[Short web captions]
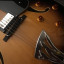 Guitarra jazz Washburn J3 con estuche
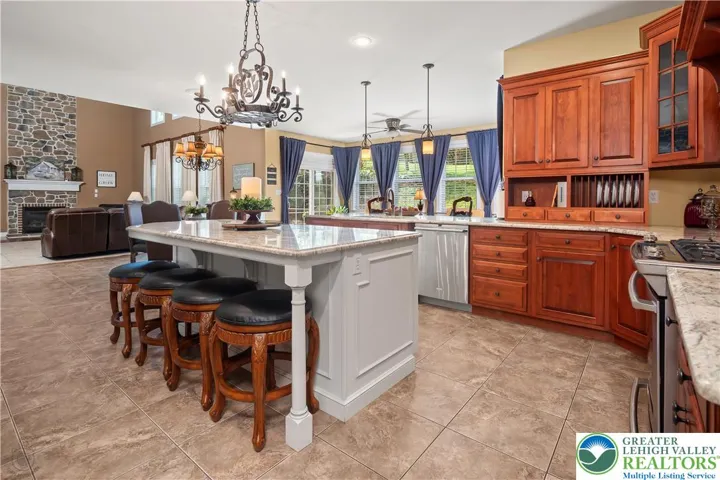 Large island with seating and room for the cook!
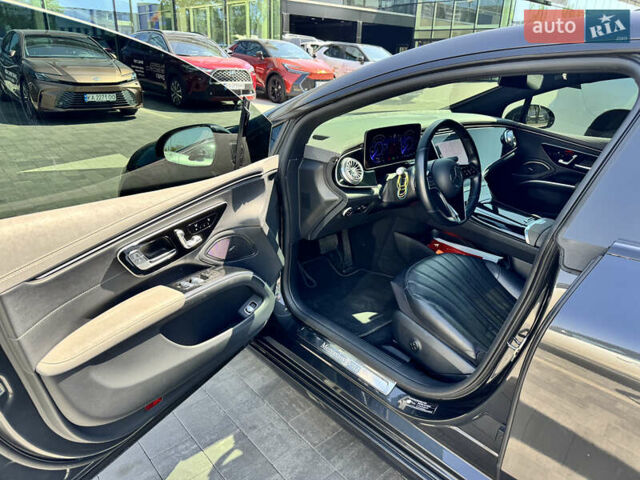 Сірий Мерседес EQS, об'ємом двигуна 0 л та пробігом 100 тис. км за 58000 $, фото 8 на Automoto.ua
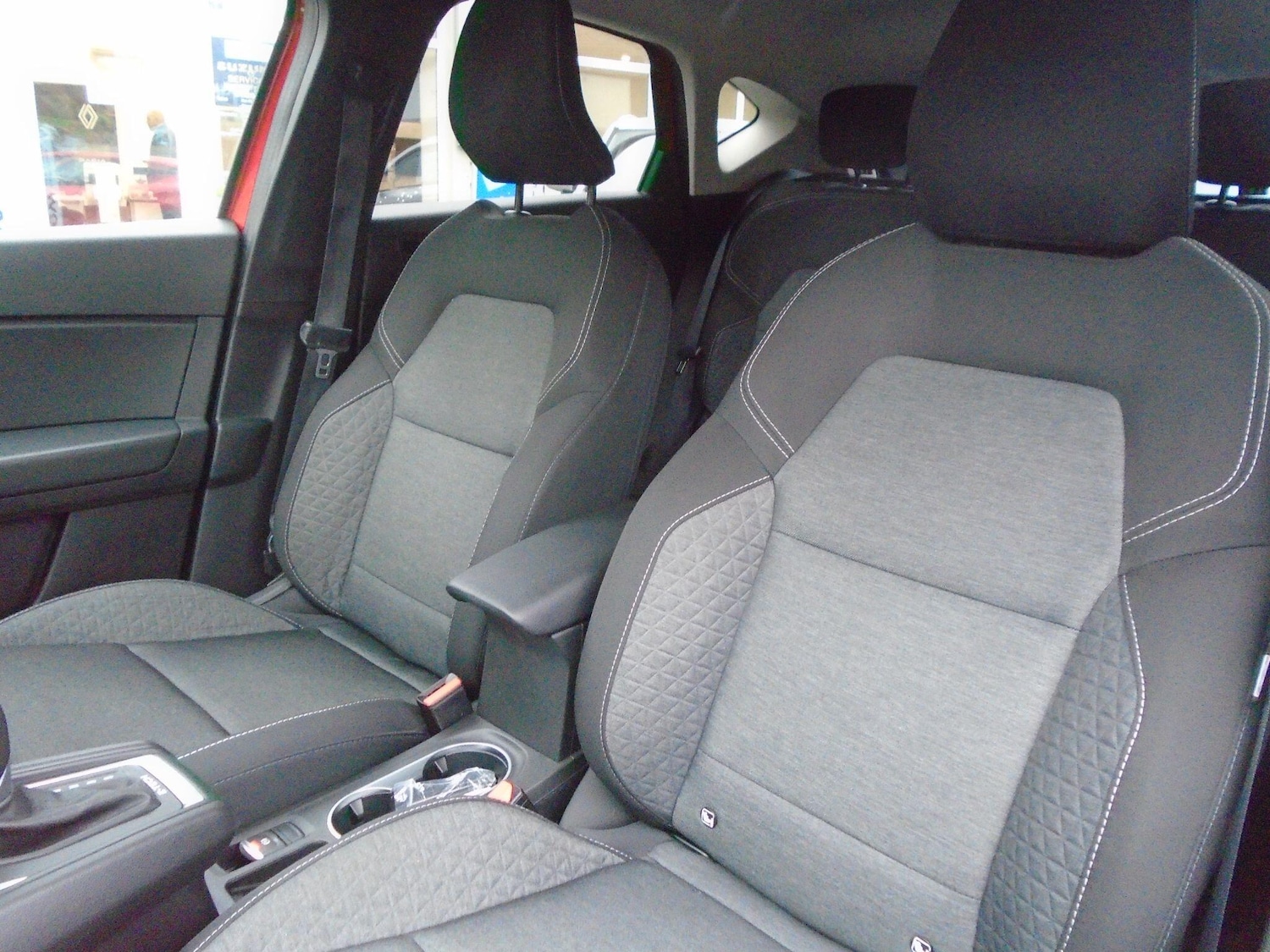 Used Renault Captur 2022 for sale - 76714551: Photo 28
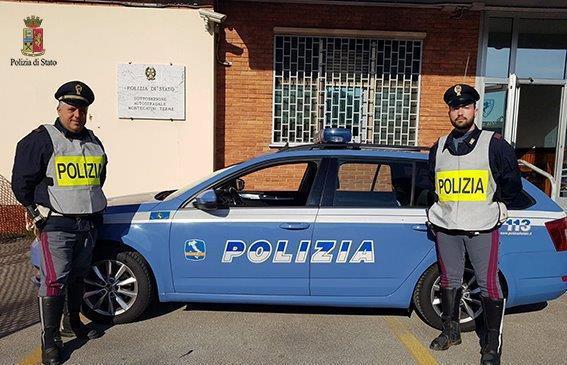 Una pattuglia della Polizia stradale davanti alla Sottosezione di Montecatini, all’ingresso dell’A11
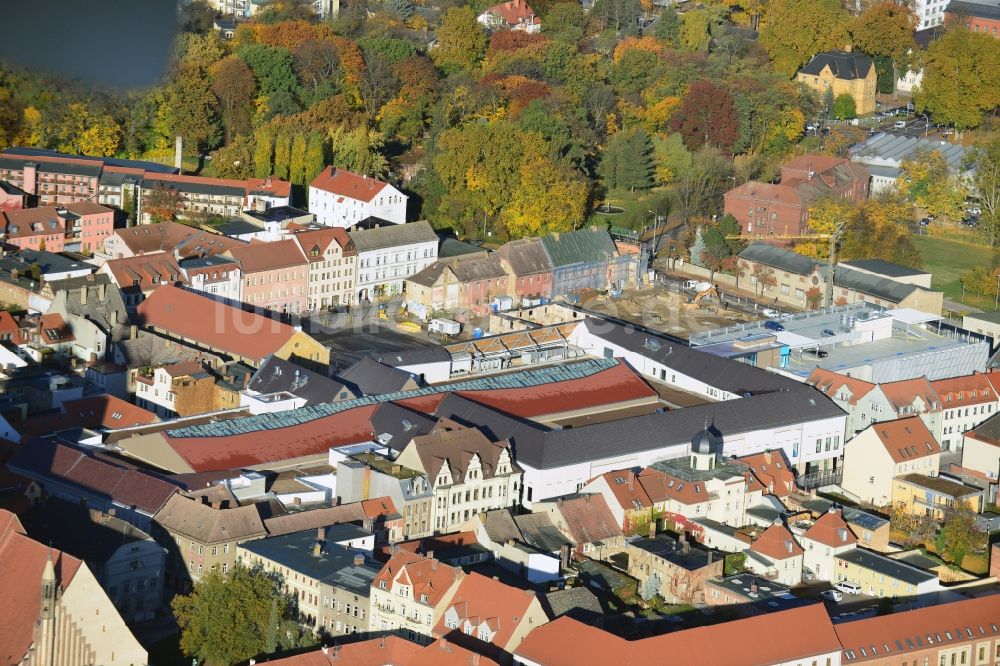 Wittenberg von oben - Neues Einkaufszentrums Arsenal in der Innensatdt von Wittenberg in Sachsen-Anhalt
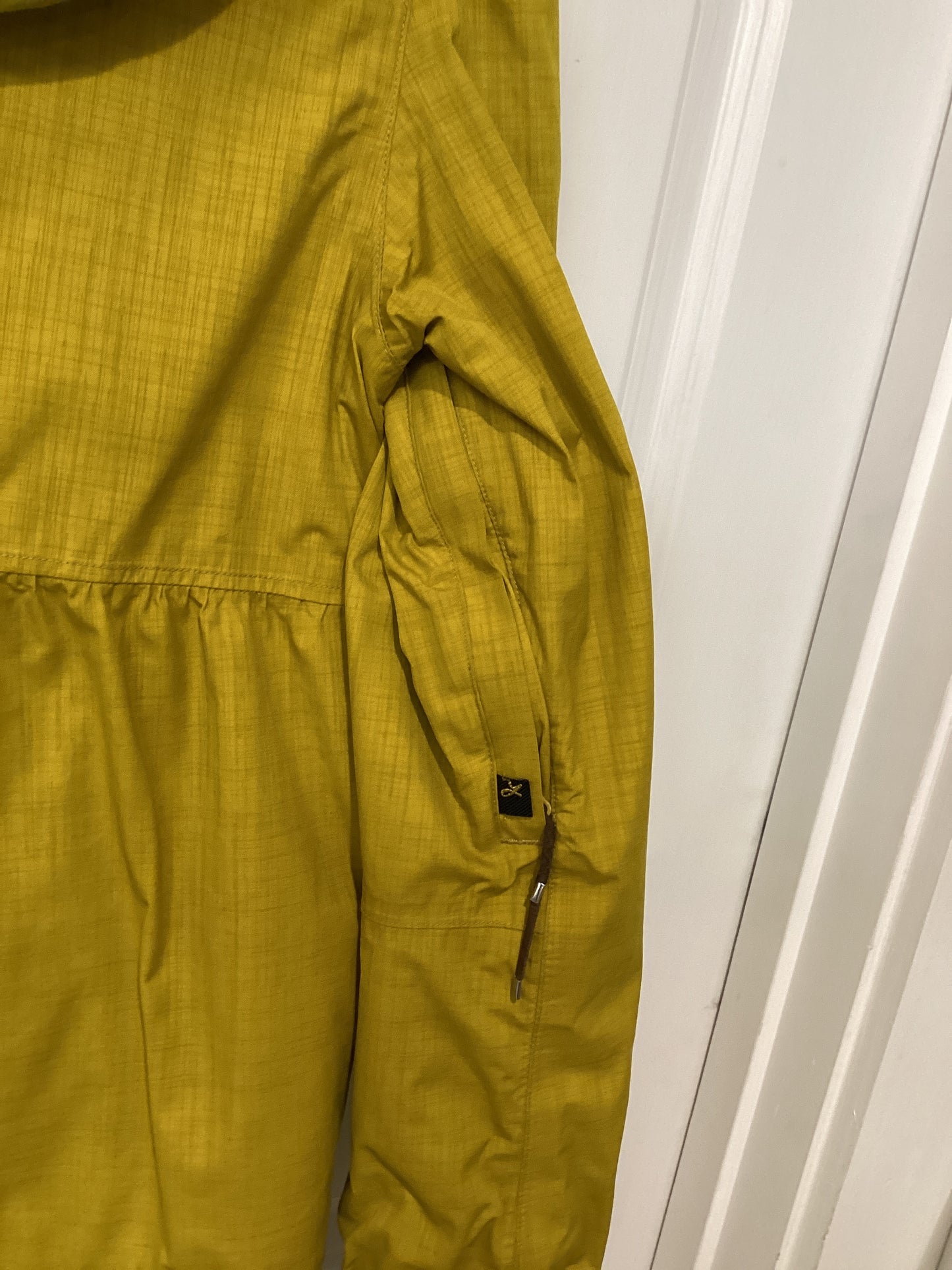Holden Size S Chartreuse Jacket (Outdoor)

■ YOUR GOAL: Please transcribe all of the entries exactly and omit any picture they hold.

■ ANSWER BOX:
 Guitarra jazz Washburn J3 con estuche
 Large island with seating and room for the cook!
 Сірий Мерседес EQS, об'ємом двигуна 0 л та пробігом 100 тис. км за 58000 $, фото 8 на Automoto.ua
 Used Renault Captur 2022 for sale - 76714551: Photo 28
 Una pattuglia della Polizia stradale davanti alla Sottosezione di Montecatini, all’ingresso dell’A11
 Wittenberg von oben - Neues Einkaufszentrums Arsenal in der Innensatdt von Wittenberg in Sachsen-Anhalt
Holden Size S Chartreuse Jacket (Outdoor)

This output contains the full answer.